The Welsh Rugby Union is to make £1 million available to help keep international players in Wales.
The four Welsh professional regions have been hit by a series of high-profile departures in the past year.
Current British and Irish Lions George North, Jamie Roberts and Dan Lydiate all left the Welsh regions at the end of the 2012-13 season.
A WRU says it will "target the development, recruitment and retention of Welsh international players."
The one-off windfall is part of a package worth £2.5 million for the Welsh game, split between grassroots, the regions and the national team.
However, the WRU statement does not say how the money will be allocated between the Scarlets, Ospreys, Cardiff Blues and Newport Gwent Dragons.
Roberts and Lydiate have both joined Racing Metro in France, while North will play for Northampton Saints in the English Premiership.
North's departure from the Scarlets sparked a row between the WRU and Regional Rugby Wales, the body which represents the professional teams.
It led to the WRU accusing the Scarlets of offering North to the English club without the player's knowledge. The regions responded by refusing to attend a meeting with the WRU to discuss central contracts for players.
However, meetings have since resumed, and WRU group chief executive Roger Lewis, says he is optimistic about the new funding.
"We have identified the priority of keeping Welsh qualified players in Wales and developing them to their full potential," he said.
"Our discussions with the regions are continuing on a range of issues but this is a clear indication that the WRU will engage in a meaningful way within the financial constraints we all know exist.
"This is a one-off amount but the investment is of a scale which can be of true benefit to the game at the professional level."
Stuart Gallacher, chief executive of Regional Rugby Wales, said he was encouraged by the WRU's initiative.
"From a Regional Rugby point of view, we remain focused on our original published objectives, including the development of Welsh international players and their retention in Wales," he said.
"We are of course encouraged to hear of any proposed initiative that may help contribute to that particular goal.
"We have been consistent in our position that we need to work to define long-term structural solutions that can strategically improve the framework of professional rugby in Wales.
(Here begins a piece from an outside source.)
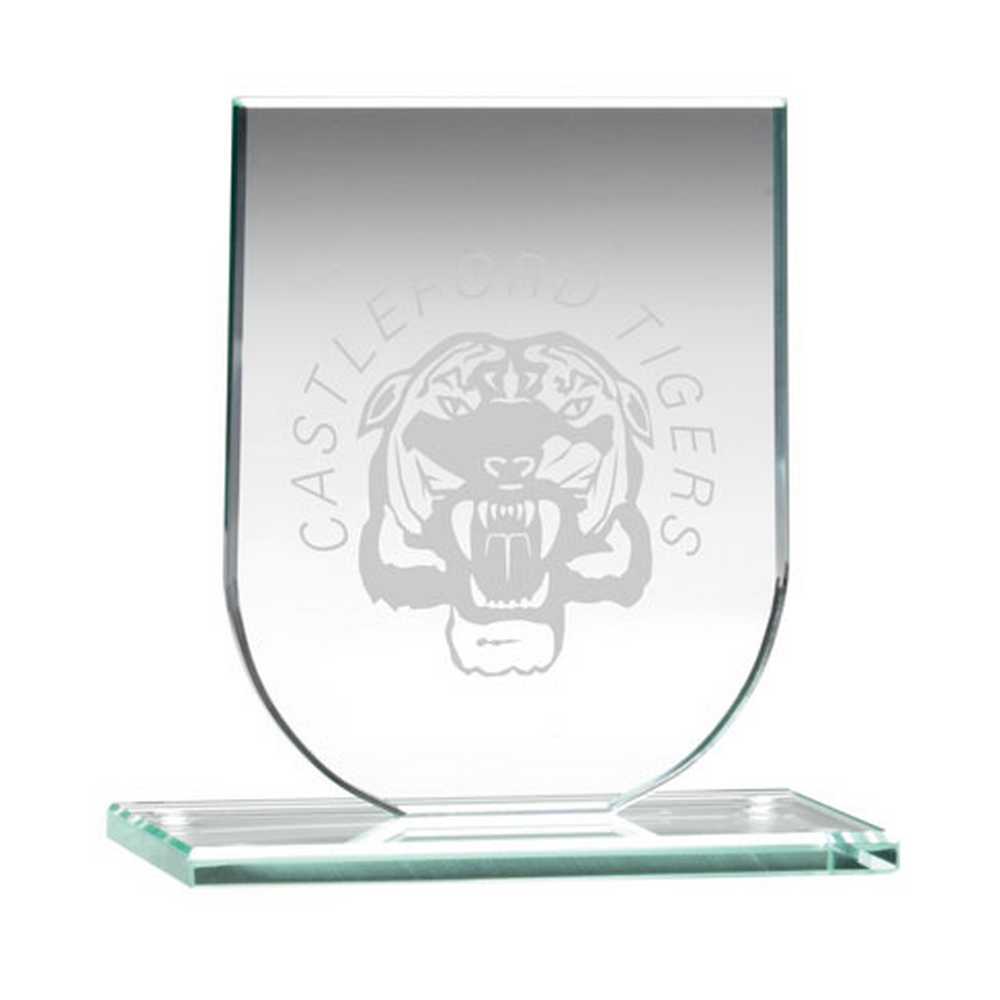 JADE GLASS SHIELD PLAQUE (6mm THICK) - 5.25in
"We very much look forward to hearing the details behind the WRU's announcement and understanding the mechanism by which the proposed one-off action will make a positive and sustainable contribution to our game over time."
Aside from the new cash for the regions, the WRU is making £800,000 available in grants for grassroots clubs and schools aiming to improve their facilities.
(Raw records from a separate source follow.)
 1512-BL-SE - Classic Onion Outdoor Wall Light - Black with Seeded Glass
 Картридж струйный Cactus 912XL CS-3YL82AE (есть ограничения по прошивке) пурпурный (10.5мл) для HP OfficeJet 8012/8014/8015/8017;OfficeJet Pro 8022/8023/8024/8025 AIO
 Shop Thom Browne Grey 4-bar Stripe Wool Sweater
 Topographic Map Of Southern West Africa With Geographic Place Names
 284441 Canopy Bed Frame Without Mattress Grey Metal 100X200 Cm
It has also earmarked £300,000 to pay for website scheme for smaller clubs.
The union says the extra money is a direct result of their "strong financial performance over the past year."
The WRU's annual report published in October 2012 outlined a record turnover of £63m for the previous financial year, which included a Six Nations Grand Slam for the national team.
The side successfully defended their title in 2013 thanks to a 30-3 win over England in Cardiff in their final match.